Table 5. Decision-maker and reasons for CMMS (N = 59).
Items |
Modality |
Headcount (%) |
Decision Maker |
Parent |
44 (74.58) |
Male |
39 (66.10) |
Female |
5 (8.48) |
Patient Himself |
14 (23.73) |
Tradipraticien |
1 (1.69) |
Primary Reason |
Preference for Traditional Treatment |
36 (61.02) |
Low Cost of Traditional Medicine* |
21 (58.33 of 36) |
Cultural Beliefs |
19 (52.77 Out of 36) |
Lack of Financial Resources |
27 (45.76) |
Remote Residence/Transport |
8 (13.56) |
Lack of Confidence in the Hospital |
6 (10.17) |
Poor Reception/Neglect Perceived |
5 (8.47) |
Fear Surgery/Anesthesia/Implants |
1 (1.69) |
*Note: several patients cited several reasons (main and secondary reasons).
4. Discussion
The high prevalence of 26.65% is in agreement with the study of Hodonou et al. (25.85%) [1] and that of Hodabalo et al. (28.3%) [2], which shows the persistence of this very worrying phenomenon not only in northern Benin but also in neighboring countries.
The rate of patients with health insurance was low, at 6.78%. Hodabalo et al. reported a higher rate (23.4%), and this was because there were more employees in their sample [1] [2]. The patient or his/her parents are then called to bear the entire burden of care in most cases.
The predominance of closed fractures has been observed not only in our study but also by other authors, such as Sawadogo et al. [3], who reported 64% in 2022, and Hodonou et al., who reported 81% in 2017 at the same center. These closed fractures would encourage more OAMA since they have a minimal risk of infection. Patients with diaphyseal fractures were also common, which is consistent with the study by Kouassi et al. [4]. Indeed, it would seem that diaphyseal fractures appear to be more anatomically accessible and easier to immobilize by bond makers due to the means of restraint they use.
The preference for traditional treatments and the lack of financial resources were the main reasons for the OAMA in our series, whereas the study by Yao et al. [5] showed that the lack of financial resources was the main reason.

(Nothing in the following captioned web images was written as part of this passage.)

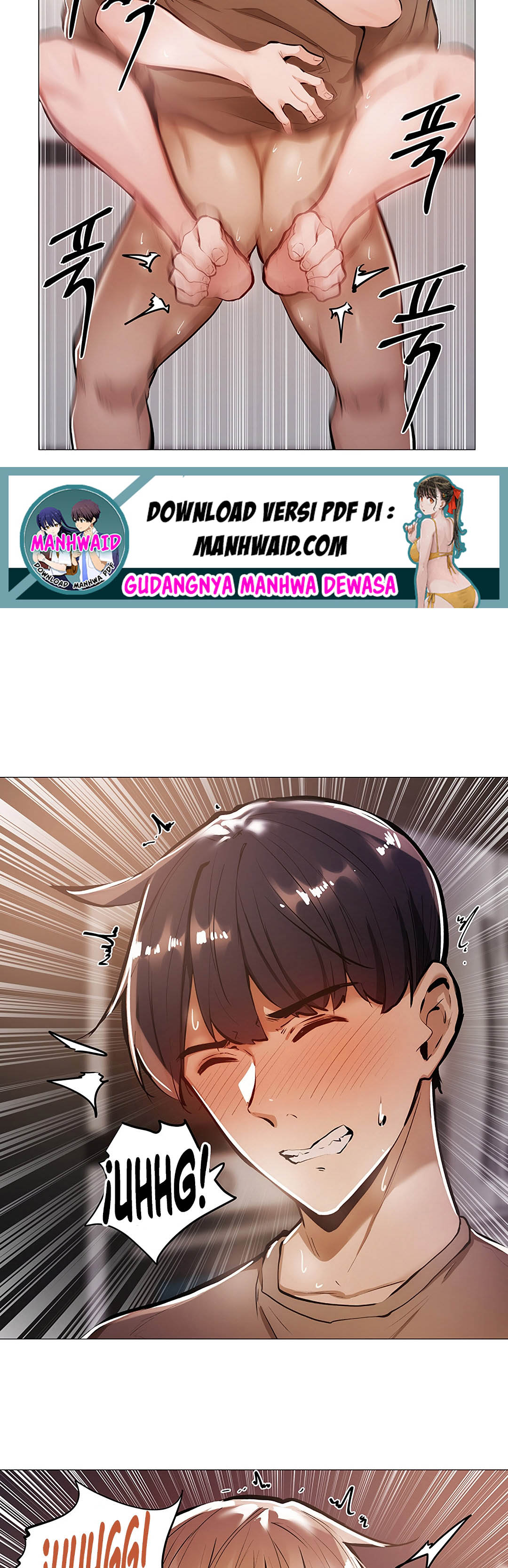 Is There an Empty Room? - Chapter 05 16 Is There an Empty Room? - Chapter 05 16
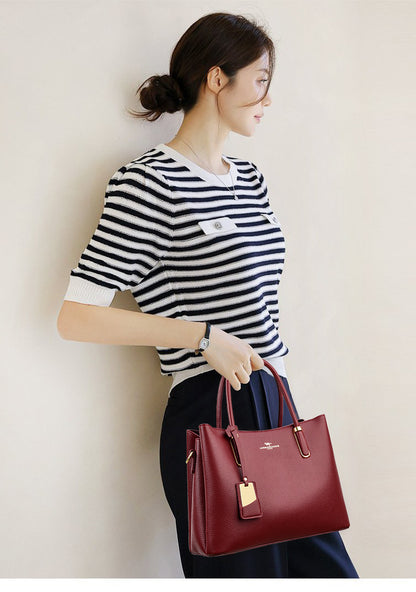 A2246 GESSY TOTE BAG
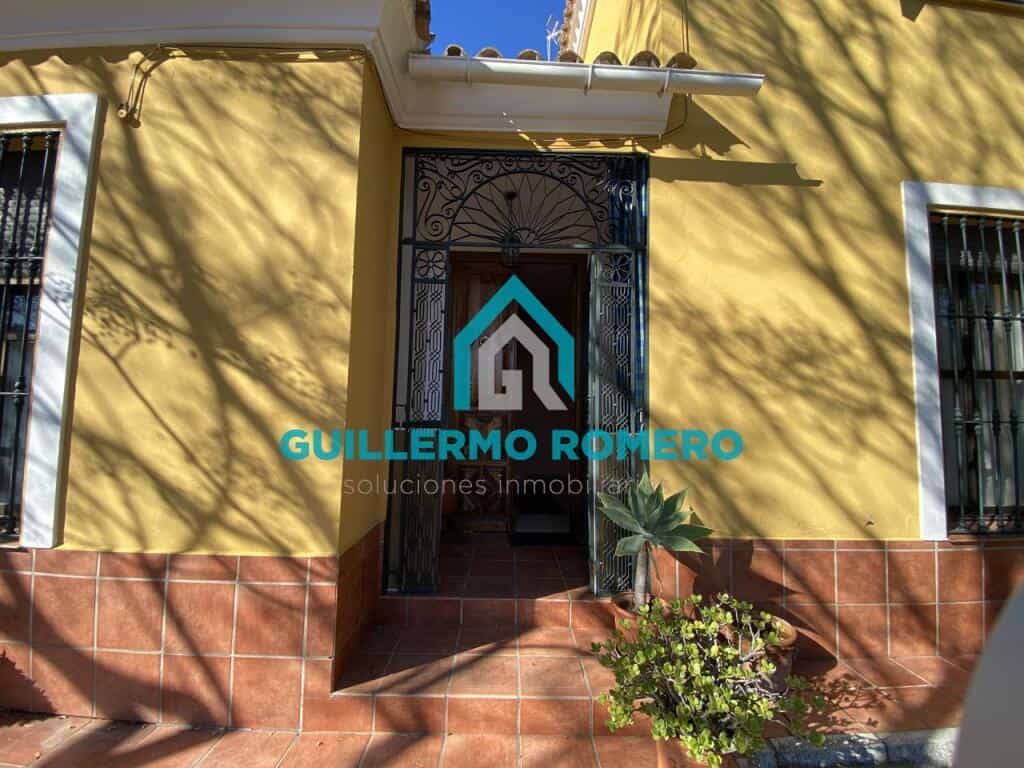 Talo sisään Palomares del Rio, Andalusia 11517359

A 2019 study in Niger by Wahab Allassane et al. found that 24% of patients cited trust in traditional treatment as a reason for OAMA [6].
These different results show that the reasons are diverse, but the most common in a developing country like ours remains the lack of financial means and the preference for traditional medicine, supported by its low cost and cultural beliefs.
5. Strengths and Limitations
Strength of the study: With a comprehensive census and community monitoring of patients, this study addresses a key public health issue in some underdeveloped countries, in a context where motorcycle accidents are claiming more and more victims.
Study limitations: The sample size is modest, and the study is observational, descriptive, and single-center, based on reported patterns with no control group.
6. Conclusions
This study highlighted the high frequency of discharges against medical advice.
In northern Benin, these OAMA mostly concern male patients with a low level of education, low and inconsistent income, and without health insurance, who are victims of a closed fracture.
The main reasons identified are a lack of financial resources, the weight of trust in traditional medicine, and the absence of effective public health financing policies.
Working to change the mentality, implement health insurance projects, and improve the dynamization of private health insurance in our underdeveloped countries could help contain the problem.